If you want, you can buy a houseplant and trim off much of the roots and plant it. although some plants hate that, such as begonias, ferns and some aroids (It works with Ficus pumila, Episcia, Cryptanthus). But I know for myself, I started having much greater success when I started using plants from terrarium companies, and/or used the Home Depot plants to make cuttings (Cuttings will usually root.) 

2) Tank substrates are different than potting soil; we know we should not use potting mixes as tank substrates. Before one says "duh," consider that it is not easy to remove a terrarium plant and stick it in a pot, either. Its root sytem takes a while to adjust, and its leaves will not appreciate the drop in humidity. 

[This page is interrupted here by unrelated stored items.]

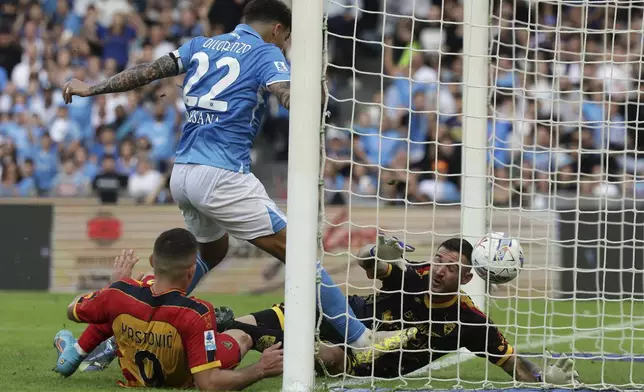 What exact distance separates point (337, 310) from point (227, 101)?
138 cm

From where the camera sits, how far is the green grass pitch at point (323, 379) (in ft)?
19.8

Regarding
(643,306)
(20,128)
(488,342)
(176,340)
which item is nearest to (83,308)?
(176,340)

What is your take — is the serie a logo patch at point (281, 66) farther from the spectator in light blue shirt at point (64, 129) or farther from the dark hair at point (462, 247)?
the spectator in light blue shirt at point (64, 129)

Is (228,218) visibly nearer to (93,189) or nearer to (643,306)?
(643,306)

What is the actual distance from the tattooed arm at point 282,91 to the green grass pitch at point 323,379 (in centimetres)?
153

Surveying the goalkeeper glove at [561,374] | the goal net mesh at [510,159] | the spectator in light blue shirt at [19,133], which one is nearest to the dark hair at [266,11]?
the goalkeeper glove at [561,374]

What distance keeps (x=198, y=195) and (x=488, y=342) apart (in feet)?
6.33

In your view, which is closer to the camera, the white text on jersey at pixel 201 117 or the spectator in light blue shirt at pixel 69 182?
the white text on jersey at pixel 201 117

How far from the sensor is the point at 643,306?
10250mm

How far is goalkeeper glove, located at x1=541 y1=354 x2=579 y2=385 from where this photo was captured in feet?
19.3

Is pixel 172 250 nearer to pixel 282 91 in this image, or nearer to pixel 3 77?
pixel 282 91

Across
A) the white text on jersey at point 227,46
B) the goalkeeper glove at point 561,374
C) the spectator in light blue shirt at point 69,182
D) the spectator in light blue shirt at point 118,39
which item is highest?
the spectator in light blue shirt at point 118,39

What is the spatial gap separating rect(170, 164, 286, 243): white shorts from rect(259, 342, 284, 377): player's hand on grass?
839 millimetres

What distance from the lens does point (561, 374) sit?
591 centimetres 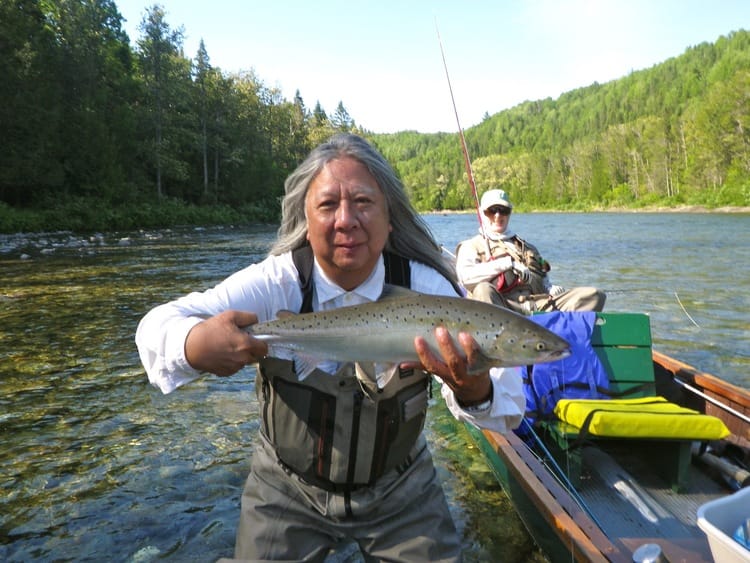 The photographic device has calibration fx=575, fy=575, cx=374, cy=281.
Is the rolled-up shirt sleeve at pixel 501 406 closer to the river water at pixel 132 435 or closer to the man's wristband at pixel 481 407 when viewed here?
the man's wristband at pixel 481 407

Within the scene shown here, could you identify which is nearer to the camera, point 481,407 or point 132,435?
point 481,407

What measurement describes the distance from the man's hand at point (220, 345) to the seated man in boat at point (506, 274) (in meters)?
4.95

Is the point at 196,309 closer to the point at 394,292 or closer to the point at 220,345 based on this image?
the point at 220,345

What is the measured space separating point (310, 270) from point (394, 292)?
1.46 feet

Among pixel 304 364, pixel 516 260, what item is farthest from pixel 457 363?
pixel 516 260

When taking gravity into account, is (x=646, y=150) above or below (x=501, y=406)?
above

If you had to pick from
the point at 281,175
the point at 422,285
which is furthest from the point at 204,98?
the point at 422,285

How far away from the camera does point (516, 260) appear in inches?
316

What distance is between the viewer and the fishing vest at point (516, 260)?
305 inches

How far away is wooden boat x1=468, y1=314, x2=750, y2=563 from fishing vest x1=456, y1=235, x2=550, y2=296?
2.23 m

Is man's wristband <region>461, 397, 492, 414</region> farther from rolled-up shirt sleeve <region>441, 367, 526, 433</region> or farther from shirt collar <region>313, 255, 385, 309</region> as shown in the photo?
shirt collar <region>313, 255, 385, 309</region>

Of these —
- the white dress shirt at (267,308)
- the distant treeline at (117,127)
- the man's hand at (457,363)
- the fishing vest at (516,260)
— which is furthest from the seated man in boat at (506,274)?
the distant treeline at (117,127)

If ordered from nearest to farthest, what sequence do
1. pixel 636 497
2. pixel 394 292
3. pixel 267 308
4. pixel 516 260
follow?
pixel 394 292, pixel 267 308, pixel 636 497, pixel 516 260

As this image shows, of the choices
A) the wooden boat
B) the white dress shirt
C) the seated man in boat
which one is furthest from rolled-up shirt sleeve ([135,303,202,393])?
the seated man in boat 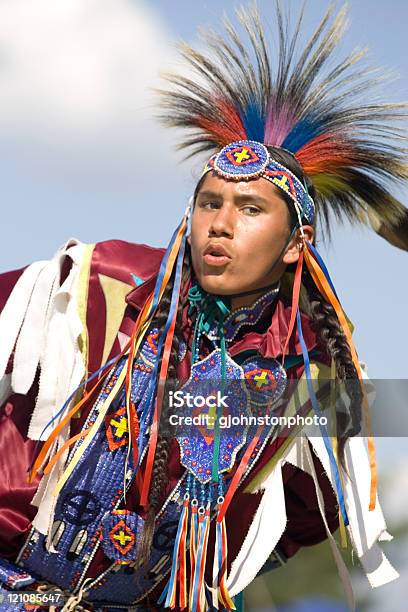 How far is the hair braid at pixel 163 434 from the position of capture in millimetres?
3156

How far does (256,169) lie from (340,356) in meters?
0.57

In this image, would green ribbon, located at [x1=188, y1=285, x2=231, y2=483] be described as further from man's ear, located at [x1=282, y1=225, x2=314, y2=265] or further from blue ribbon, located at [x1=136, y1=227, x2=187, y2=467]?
man's ear, located at [x1=282, y1=225, x2=314, y2=265]

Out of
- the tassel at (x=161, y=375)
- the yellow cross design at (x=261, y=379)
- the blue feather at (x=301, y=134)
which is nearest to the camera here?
the tassel at (x=161, y=375)

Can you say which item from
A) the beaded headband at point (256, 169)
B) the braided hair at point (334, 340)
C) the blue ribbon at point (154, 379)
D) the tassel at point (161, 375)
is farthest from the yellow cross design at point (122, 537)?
the beaded headband at point (256, 169)

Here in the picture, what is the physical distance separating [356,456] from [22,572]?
984 mm

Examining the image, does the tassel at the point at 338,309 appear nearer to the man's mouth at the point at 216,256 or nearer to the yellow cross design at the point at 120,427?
the man's mouth at the point at 216,256

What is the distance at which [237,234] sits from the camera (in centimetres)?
316

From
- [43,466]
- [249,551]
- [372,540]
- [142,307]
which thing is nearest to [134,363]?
[142,307]

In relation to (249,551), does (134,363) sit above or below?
above

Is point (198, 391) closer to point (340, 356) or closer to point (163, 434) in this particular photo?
point (163, 434)

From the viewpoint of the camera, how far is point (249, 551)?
10.9ft

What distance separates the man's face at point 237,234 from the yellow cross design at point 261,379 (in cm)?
25

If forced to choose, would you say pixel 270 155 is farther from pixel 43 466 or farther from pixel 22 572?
pixel 22 572

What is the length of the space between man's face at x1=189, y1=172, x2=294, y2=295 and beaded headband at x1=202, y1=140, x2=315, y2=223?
2cm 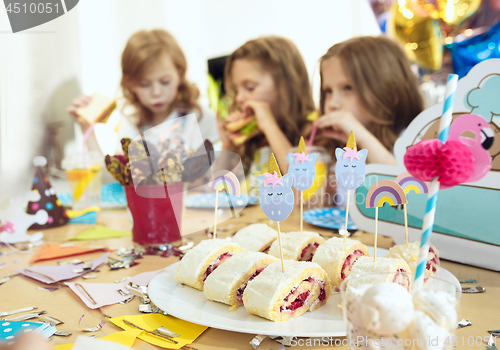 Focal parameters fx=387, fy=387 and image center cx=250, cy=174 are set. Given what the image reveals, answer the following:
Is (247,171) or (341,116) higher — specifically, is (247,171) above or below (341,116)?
below

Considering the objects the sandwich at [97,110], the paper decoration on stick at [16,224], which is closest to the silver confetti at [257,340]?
the paper decoration on stick at [16,224]

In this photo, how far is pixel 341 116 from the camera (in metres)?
1.65

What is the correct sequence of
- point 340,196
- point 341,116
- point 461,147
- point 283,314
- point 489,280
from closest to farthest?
point 461,147 < point 283,314 < point 489,280 < point 341,116 < point 340,196

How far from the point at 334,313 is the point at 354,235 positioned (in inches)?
23.3

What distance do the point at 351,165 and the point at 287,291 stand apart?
35cm

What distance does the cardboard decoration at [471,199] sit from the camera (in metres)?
0.98

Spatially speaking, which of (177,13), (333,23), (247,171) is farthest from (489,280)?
(177,13)

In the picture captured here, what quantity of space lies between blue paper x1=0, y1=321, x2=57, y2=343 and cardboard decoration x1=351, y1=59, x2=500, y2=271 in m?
0.96

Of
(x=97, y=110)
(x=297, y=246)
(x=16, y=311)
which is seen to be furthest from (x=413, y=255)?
(x=97, y=110)

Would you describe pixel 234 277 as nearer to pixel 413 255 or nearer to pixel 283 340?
pixel 283 340

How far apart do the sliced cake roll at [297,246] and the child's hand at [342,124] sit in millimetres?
712

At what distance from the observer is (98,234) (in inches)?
56.5

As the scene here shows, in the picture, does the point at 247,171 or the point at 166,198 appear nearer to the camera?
the point at 166,198

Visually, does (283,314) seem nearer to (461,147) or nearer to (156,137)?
(461,147) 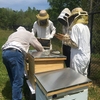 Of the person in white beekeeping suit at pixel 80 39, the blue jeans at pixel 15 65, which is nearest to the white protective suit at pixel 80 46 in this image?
the person in white beekeeping suit at pixel 80 39

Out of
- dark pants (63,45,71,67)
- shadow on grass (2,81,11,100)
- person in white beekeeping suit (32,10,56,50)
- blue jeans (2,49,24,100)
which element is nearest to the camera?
blue jeans (2,49,24,100)

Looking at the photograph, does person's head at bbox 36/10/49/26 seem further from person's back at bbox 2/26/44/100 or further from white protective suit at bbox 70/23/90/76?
white protective suit at bbox 70/23/90/76

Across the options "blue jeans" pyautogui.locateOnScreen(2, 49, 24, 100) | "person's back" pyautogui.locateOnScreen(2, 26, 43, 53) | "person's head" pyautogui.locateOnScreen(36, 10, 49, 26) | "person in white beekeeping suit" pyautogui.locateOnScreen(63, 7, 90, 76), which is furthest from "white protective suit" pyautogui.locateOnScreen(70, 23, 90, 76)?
"person's head" pyautogui.locateOnScreen(36, 10, 49, 26)

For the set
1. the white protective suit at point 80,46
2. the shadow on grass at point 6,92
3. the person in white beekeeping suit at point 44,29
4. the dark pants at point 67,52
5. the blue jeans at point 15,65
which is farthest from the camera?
the person in white beekeeping suit at point 44,29

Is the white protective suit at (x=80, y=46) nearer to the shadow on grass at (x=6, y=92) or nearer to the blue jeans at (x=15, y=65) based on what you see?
the blue jeans at (x=15, y=65)

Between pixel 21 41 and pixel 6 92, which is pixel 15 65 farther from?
pixel 6 92

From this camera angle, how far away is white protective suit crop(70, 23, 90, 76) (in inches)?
91.7

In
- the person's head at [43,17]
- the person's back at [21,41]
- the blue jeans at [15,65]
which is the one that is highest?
the person's head at [43,17]

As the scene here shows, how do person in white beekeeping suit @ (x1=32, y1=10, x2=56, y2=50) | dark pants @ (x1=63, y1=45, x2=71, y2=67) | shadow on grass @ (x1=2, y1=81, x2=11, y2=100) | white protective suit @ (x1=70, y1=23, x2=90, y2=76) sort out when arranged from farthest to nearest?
person in white beekeeping suit @ (x1=32, y1=10, x2=56, y2=50), shadow on grass @ (x1=2, y1=81, x2=11, y2=100), dark pants @ (x1=63, y1=45, x2=71, y2=67), white protective suit @ (x1=70, y1=23, x2=90, y2=76)

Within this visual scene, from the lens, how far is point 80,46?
94.0 inches

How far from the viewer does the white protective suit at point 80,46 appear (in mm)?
2329

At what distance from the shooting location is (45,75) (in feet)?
6.84

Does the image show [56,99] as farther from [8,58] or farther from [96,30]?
[96,30]

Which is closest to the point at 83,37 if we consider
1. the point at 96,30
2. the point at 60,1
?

3) Similarly, I grow some "houseplants" as perennial garden plants, such as Selaginella uncinata, Adiantum, Sinningia, Hemiboea, Rosemary, Saxifraga stolonifera, Dyckia, Ophiopogon (Mondo grass). And I'm in New York. They adjust well. But I would NEVER consider using their garden soil in a tank OR a pot.

P.S. I did not have success with Korean rock fern :-(


----------